Le 43ème Vendredi du Hirak coïncidait avec l’annonce des résultats. Une occasion pour ces dizaines de milliers de protestataires qui rappellent qu’ils ne reconnaissent ni le processus électoral ni ses résultats. La police réprime dans plusieurs villes de l’ouest du pays. Les manifestants et pour la première fois depuis près de dix mois n’ont pas pu marcher. Le flash d’information de 17h de la chaîne 3  commente les résultats mais ne souffle pas un mot sur les manifestations, alors qu’ils doivent entendre les clameurs dans les studios.

 Le soir même et lors de la conférence de presse qui suivit son « élection », Tebboune rend hommage à l’armée et à son chef Gaïd Salah et dit tendre la main aux représentants du Hirak pour dialoguer.

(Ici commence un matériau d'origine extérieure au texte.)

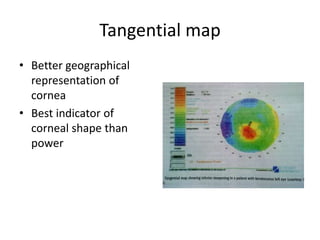 Corneal topography wavefront analysis | PPTX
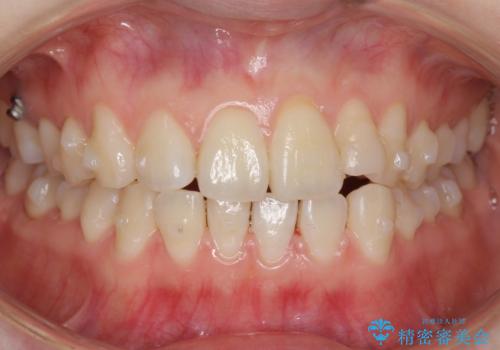 前歯が気になる 大人のマウスピース矯正 矮小歯を整えるの治療中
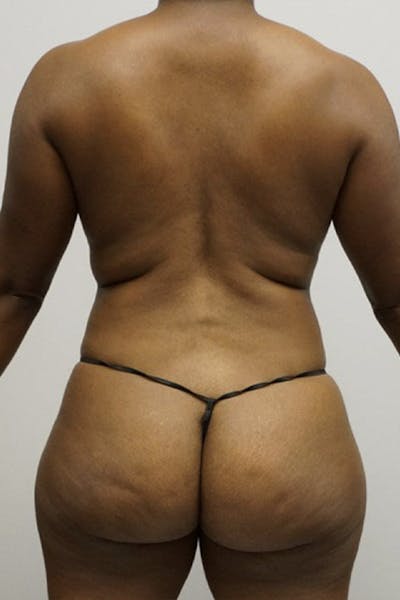 Liposuction Before & After Gallery - Patient 120178664 - Image 1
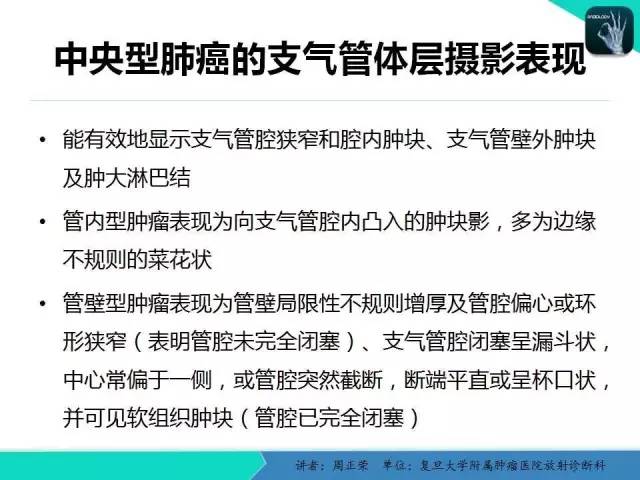 【PPT】肺癌的CT诊断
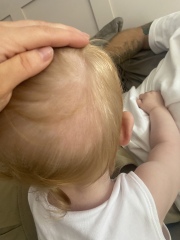 Ringworm or…not?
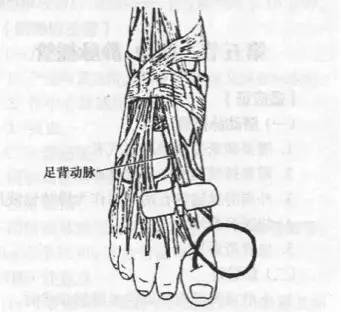 图 7. 颞动脉穿刺 足背动脉穿刺 1.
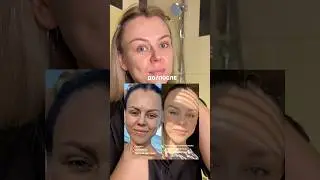 Капсула с пребиотиками для твоей сияющей кожи💊 Артикул WB (копируй с буквами WW)👇#WW217432 РП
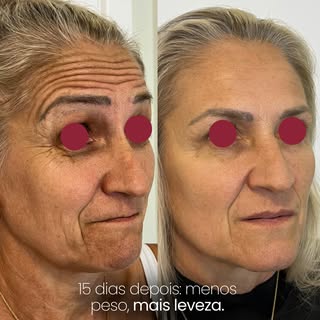 Muitas pessoas acreditam que a toxina botulínica serve apenas para suavizar rugas. Mas, na prática, 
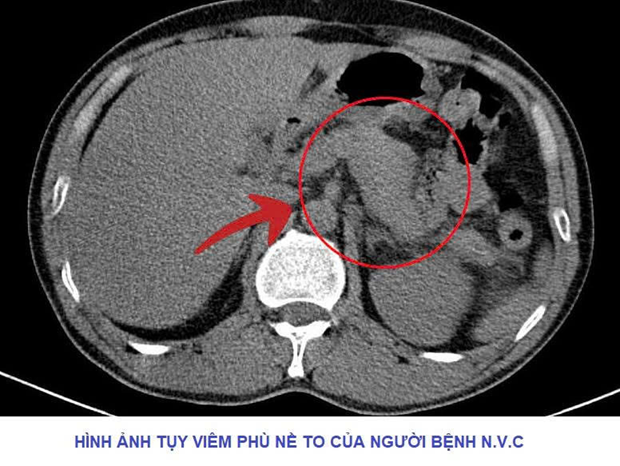 Uống nửa lít rượu mỗi ngày suốt 5 năm, người đàn ông bị viêm tụy cấp- Ảnh 2.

Tout comme Karim Younes, qui fixait ses préalables avant d’entamer sa mission et qui les a retiré sur injonction du chef d’état-major, qui a refusé tout « marchandage » ou « chantage », de quelle légitimité peut se prévaloir le nouveau mal « élu » vis-à-vis de ses parrains pour promettre ou s’engager sur une quelconque concession ?

 Le Hirak, en refusant et en dénonçant le passage en force imposé par le pouvoir de fait, ne peut que refuser de dialoguer avec le résultat de ce coup de force, au risque de le légitimer. Pour se permettre cette position, le mouvement doit non seulement maintenir la même pression, mais également penser à d’autres formes d’organisation et de résistance, face à la tentation du pouvoir de mettre fin par la force à cette fronde qui n’a que trop duré.